Five Questions for Thomas Kriegsmann

tommy_1Name: Thomas Kriegsmann
Title/Occupation: Producer
Organization/Company: ArKtype
URL: www.arktype.org

1. Where did you grow up and how did you end up where you are now?

I evolved in the great state of New Jersey. Luckily, my Queens-bred parents worked in the City so early exposure to its chaos led me toward as many solitary NYC pilgrimages as I could afford to soak in the theater and music scene. I preferred to be alone, and the theater won for making more sense of alienation than the punk clubs could.

2. Which performance, song, play, movie, painting or other work of art had the biggest influence on you and why?

As the landscape of what the theater was opened to me, these trips would often involve a first experience with the work of an artist or company. The journey of seeing them for the first time was profound to say the least, and what influenced me to dedicate my life to live performance in some way, awestruck by what I’d seen, staring out the windows of a dirty NJ Transit train at age 15 wondering how the f*ck I was going to get out of there. These include the first time I saw Foreman, Forsythe, the Wooster Group, Mnouchkine, Roger Guinevere-Smith, Bogosian, Ron Athey, Peter Brook/CICT, Bergman.

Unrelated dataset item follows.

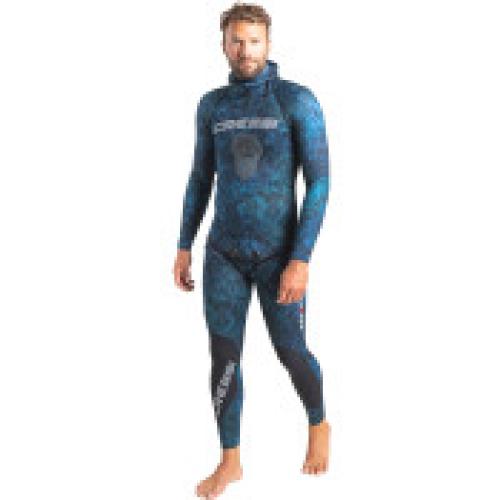 Tokugawa 2-pcs Nylon w/Hood 2mm Man (blue camo) [S]
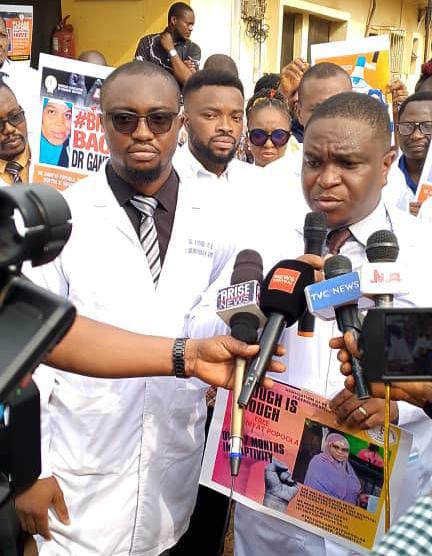 7 Months After, Resident Doctors Protest Kidnap Of Colleague In Kaduna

3. What skill, talent or attribute do you most wish you had and why?

Vulcan mind control. I spend a lot of time speaking to presenters from all over the US whose communities reflect a pure potential, whose daily diet of digital culture far exceeds the local arts orgs ability to comprehend and reflect that input in a way that would bring their people to live performance – imagining how to get their organizations to make the mental jump to understand and hear that artist in a formidable way, and how to spend their money wisely. They don’t – it don’t, and their audiences are inevitably fading away. I feel the time-tested techniques of the Vulcans would help me inspire their confidence to get beyond the fear of the unknown.

4. What do you do to make a living? Describe a normal day.

I produce and tour internationally based theater projects, and just finished producing the Ringling International Arts Festival in Sarasota. Since I have the privilege of working from home, I abuse that privilege by never stopping. It begins very early, ends very late.

5. Have you ever had to make a choice between work and art? What did you choose, why, and what was the outcome?

I made the choice to make moving art my work – there’s a lot of creativity in it, but in the end my job is to clear the path for the artist, or obstruct it in a way that moves the work forward. The choice between art and work for me comes down to who’s to blame.